* What is required
Your copy should hold only the lines from the one with "1 bed flat for" to the one with "GAC Motor Trumpchi S9 — фото 7", both included, each exactly as it stands below, with no pictures.
[[ Entries shown, beginning ]]
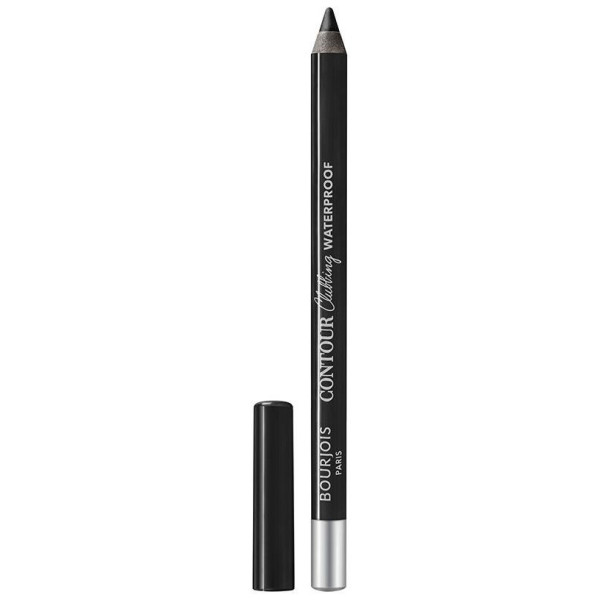 Contour Clubbing Delineador De Ojos Waterproof 041-Black Party 1,2 Gr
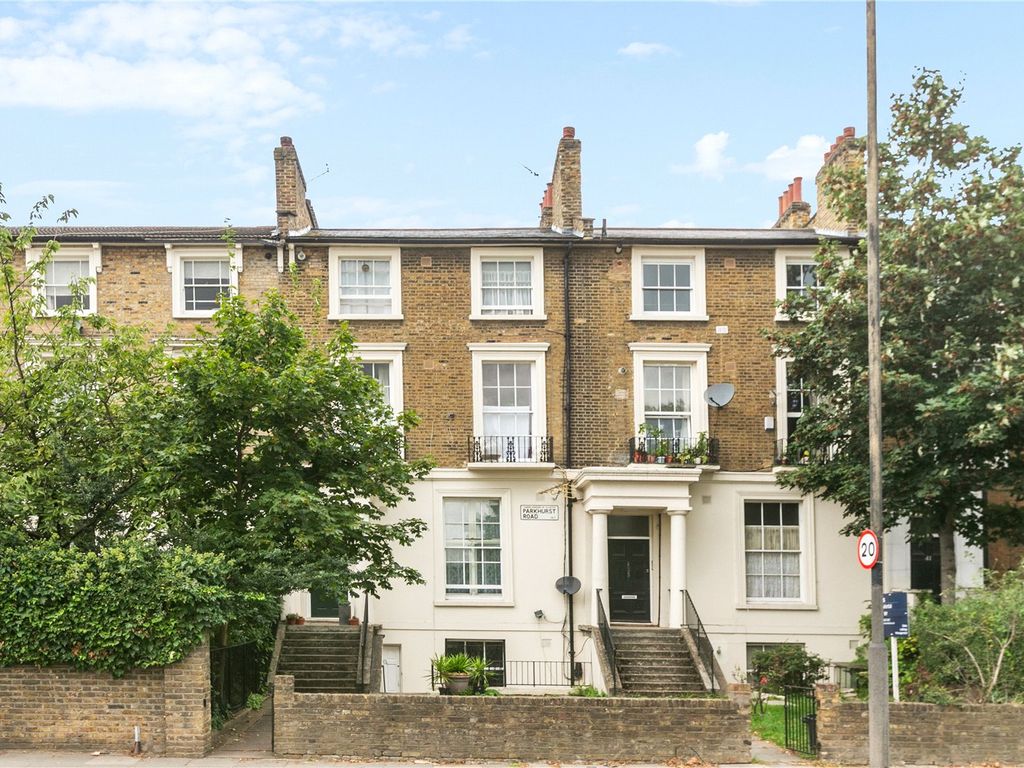 1 bed flat for sale in Parkhurst Road, London N7, £400,000 Zoopla
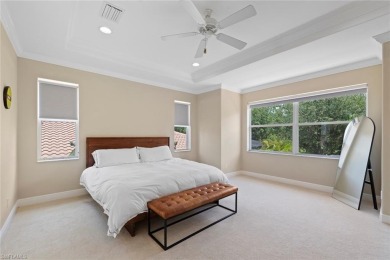 Welcome to 19465 Caladesi Drive, a beautifully updated home on Estero Country Club in Florida - for sale on GolfHomes.com, golf home, golf lot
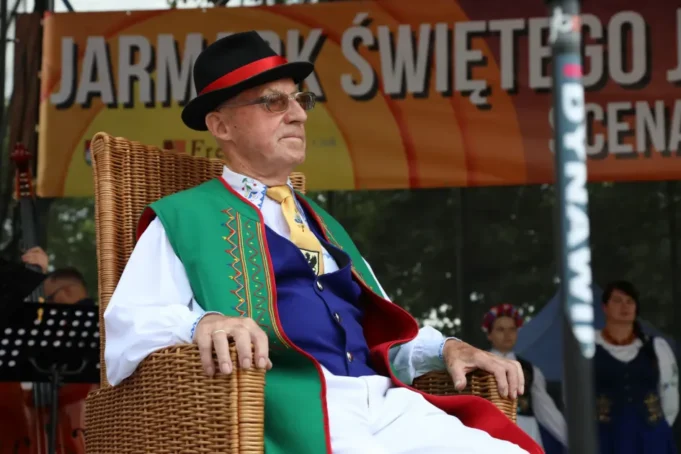 Jan Formela uhonorowany Lęborskim Lwem!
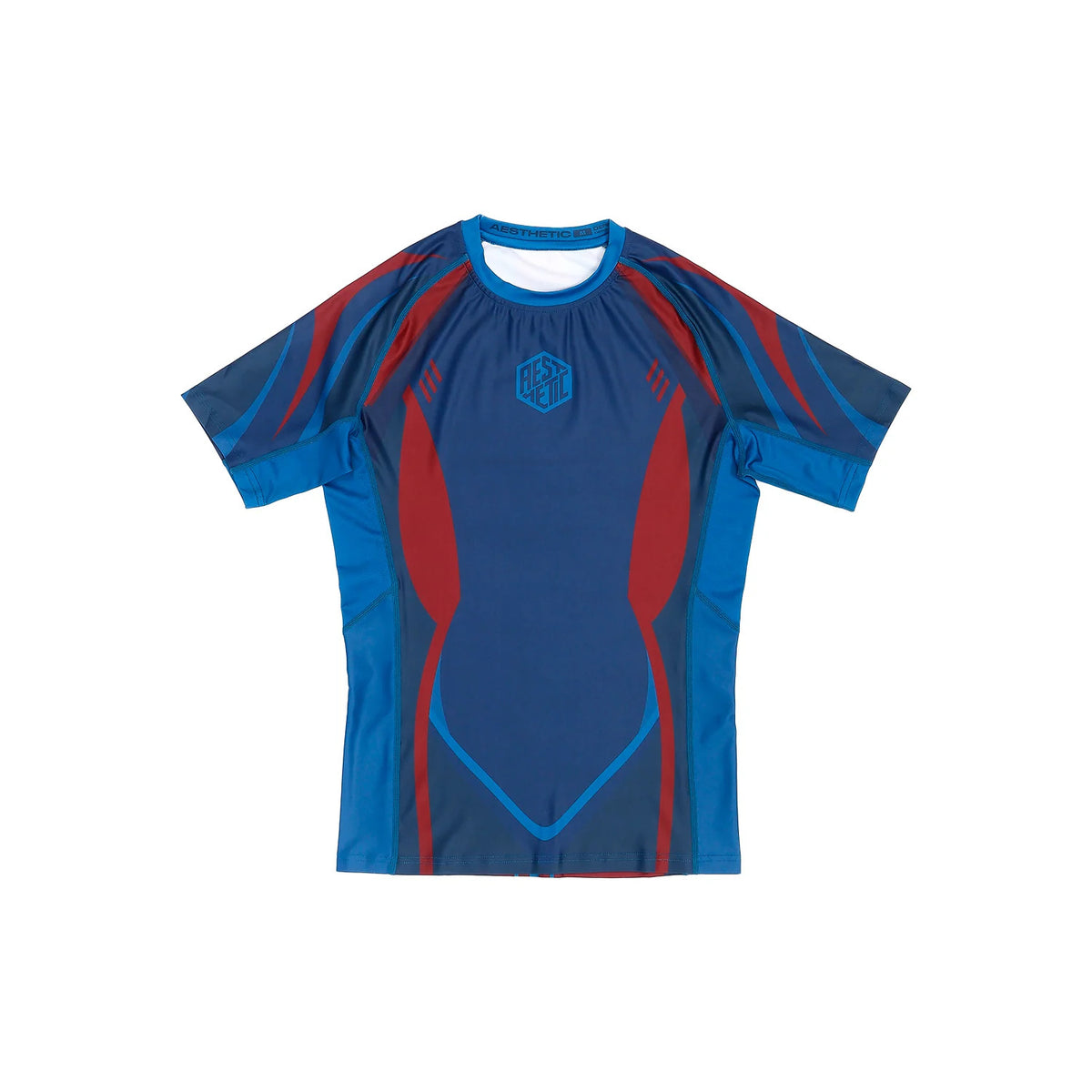 Pruisisch blauw - Jozef Chen Rashguard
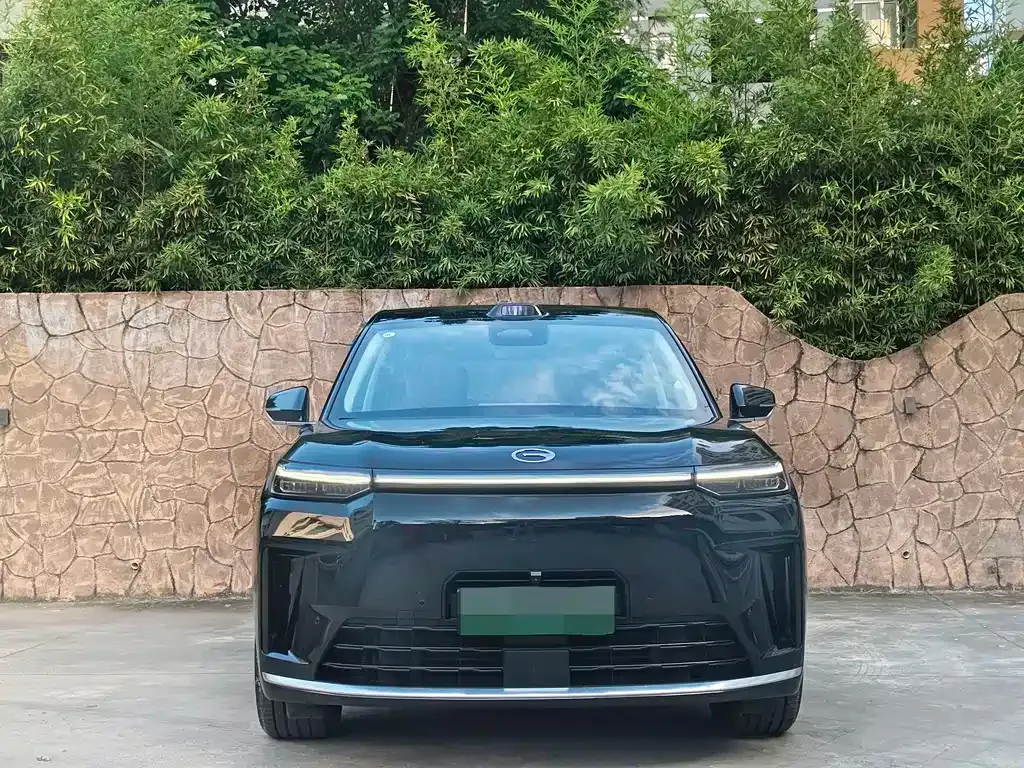 GAC Motor Trumpchi S9 — фото 7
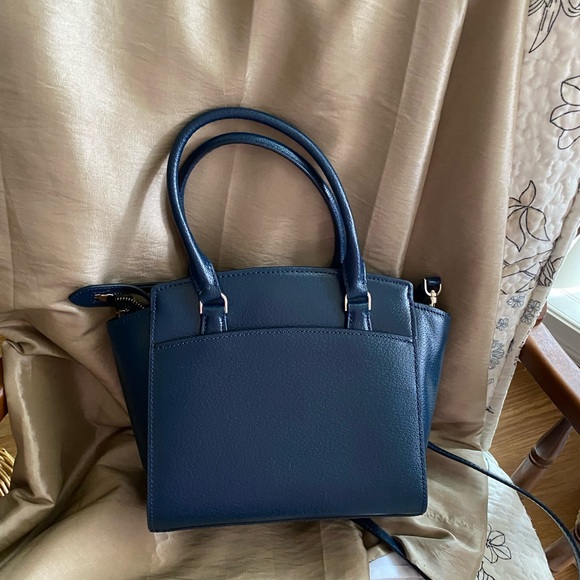 NWOT Authentic Kate Spade Jeanne Small Satchel - Picture 2 of 4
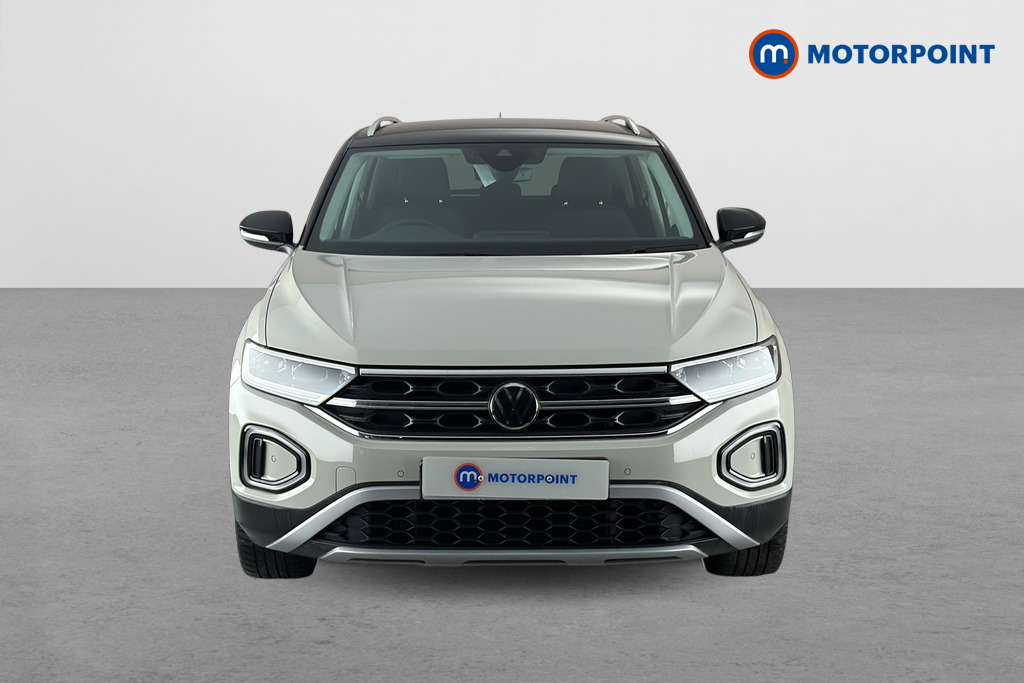 Volkswagen T-Roc Style Automatic Petrol SUV - Stock Number (1679781) - Front bumper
[[ Entries shown, end ]]
* Answer below
 1 bed flat for sale in Parkhurst Road, London N7, £400,000 Zoopla
 Welcome to 19465 Caladesi Drive, a beautifully updated home on Estero Country Club in Florida - for sale on GolfHomes.com, golf home, golf lot
 Jan Formela uhonorowany Lęborskim Lwem!
 Pruisisch blauw - Jozef Chen Rashguard
 GAC Motor Trumpchi S9 — фото 7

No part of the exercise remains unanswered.